Most of the tree was dead long before it was collected (lived a hard costal life) but you can see that it lost several smaller branches and all of its older needles, and just kept the newer growth on the tips of a few branches. After three months in the wood chips, it finally stopped dropping needles, the color of the remaining needles improved, and it even pushed a little bit of new growth. I realize it’s not out of the woods yet (sorry, couldn’t help the pun) so I won’t work on it next year and just let it grow, and maybe not even the year after that. But I’m so glad this tree survived, I think it’s going to be an epic bonsai.
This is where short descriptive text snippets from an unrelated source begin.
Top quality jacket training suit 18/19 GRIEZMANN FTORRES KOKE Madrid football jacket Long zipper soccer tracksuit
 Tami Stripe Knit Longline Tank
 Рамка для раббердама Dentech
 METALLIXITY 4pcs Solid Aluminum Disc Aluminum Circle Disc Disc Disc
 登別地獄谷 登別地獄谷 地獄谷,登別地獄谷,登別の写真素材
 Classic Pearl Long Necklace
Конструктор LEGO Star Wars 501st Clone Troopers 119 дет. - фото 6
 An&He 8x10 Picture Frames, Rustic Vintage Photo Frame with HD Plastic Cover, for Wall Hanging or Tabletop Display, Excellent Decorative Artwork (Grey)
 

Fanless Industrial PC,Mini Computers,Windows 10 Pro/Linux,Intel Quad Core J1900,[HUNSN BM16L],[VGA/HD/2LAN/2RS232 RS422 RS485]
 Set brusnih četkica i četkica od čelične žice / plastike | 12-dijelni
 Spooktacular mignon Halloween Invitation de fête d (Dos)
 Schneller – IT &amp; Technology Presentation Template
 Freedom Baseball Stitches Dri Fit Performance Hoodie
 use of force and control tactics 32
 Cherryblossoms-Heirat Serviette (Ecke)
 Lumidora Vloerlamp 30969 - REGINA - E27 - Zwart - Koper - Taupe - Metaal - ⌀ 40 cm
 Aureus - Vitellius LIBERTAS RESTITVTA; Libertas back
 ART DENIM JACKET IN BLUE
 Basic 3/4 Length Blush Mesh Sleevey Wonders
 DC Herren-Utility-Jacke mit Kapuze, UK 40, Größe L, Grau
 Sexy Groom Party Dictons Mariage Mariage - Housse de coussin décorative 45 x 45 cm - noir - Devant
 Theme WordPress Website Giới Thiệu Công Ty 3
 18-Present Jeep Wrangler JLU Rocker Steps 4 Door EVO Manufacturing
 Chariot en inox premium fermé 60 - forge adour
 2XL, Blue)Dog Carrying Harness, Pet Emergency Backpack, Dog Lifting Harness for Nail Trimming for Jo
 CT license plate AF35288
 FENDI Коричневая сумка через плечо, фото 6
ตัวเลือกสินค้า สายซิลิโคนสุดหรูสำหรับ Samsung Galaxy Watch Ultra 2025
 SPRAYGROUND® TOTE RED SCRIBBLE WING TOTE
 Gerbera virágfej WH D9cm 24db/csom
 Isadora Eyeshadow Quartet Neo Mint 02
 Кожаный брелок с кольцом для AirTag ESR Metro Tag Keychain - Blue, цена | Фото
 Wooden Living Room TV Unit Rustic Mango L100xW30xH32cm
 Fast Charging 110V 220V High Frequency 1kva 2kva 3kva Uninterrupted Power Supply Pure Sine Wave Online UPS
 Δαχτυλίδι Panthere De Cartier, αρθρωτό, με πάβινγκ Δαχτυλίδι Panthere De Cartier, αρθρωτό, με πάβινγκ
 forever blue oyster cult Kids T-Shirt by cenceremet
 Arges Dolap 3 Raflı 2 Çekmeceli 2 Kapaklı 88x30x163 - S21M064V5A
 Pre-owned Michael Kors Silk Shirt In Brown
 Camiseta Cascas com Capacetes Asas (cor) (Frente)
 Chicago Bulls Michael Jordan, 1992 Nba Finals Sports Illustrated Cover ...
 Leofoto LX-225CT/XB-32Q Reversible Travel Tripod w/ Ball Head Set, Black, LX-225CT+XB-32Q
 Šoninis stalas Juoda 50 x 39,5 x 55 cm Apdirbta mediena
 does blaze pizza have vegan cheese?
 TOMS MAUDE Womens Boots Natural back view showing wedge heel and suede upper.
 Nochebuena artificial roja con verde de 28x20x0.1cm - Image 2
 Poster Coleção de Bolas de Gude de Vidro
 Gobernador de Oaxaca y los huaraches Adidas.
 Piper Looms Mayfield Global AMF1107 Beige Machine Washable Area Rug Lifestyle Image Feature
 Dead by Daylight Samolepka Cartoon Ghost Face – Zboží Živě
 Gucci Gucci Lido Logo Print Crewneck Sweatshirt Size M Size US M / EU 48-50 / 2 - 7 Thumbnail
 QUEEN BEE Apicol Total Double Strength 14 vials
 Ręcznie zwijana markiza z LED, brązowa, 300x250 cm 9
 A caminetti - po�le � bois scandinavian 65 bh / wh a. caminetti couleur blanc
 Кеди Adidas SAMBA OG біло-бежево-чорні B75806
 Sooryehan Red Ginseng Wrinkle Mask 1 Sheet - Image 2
What made you want to repot it after only 3 months instead of letting it go through a longer time in the bed? I currently had a tipped over California Juniper that I did this to as well. My plan was to repot it in the early spring and let it grow out during the fall/winter.


Our falls and winters here (outside Seattle) can be so wet that I needed the ability to move the tree to dryer areas. It had already grown some new roots and by getting it in the box now with some good soil my thinking was to give it time to establish itself before winter hits.

1 Like

Thank you for directing me to this Randy Knight episode which has so much information.
I hope you will both let us know how your trees have survived the winter and how they continue to develop in 2020.

Recent research has proven that trees in a forest are able to nurture and support one another through the symbiotic association of mycorrhiza and roots. Without knowing how close your wood chips are to mature trees, it is difficult to say if the mycorrhiza from the trees is invading the chips and supporting the bonsai recovery or if it is from mycorrhiza developing within the wood chips.
My theory is that the larger the network of mycorrhiza with maximum connection to the potted tree, the stronger the recovery.
We need to develop opportunities for our isolated bonsai to benefit from this magic.

1 Like

An update on my California Juniper, I have these photos and just repotting it about a month or two ago.

1 Like

@Tac - how did this tree go - I would be very interested to see if it had back budded as I have an issue getting backbudding on a white spruce.

The tree ultimately didn’t make it. I’m not actually sure it was a white spruce, the more I learned I think it was a Sitka spruce - which have no problem back budding.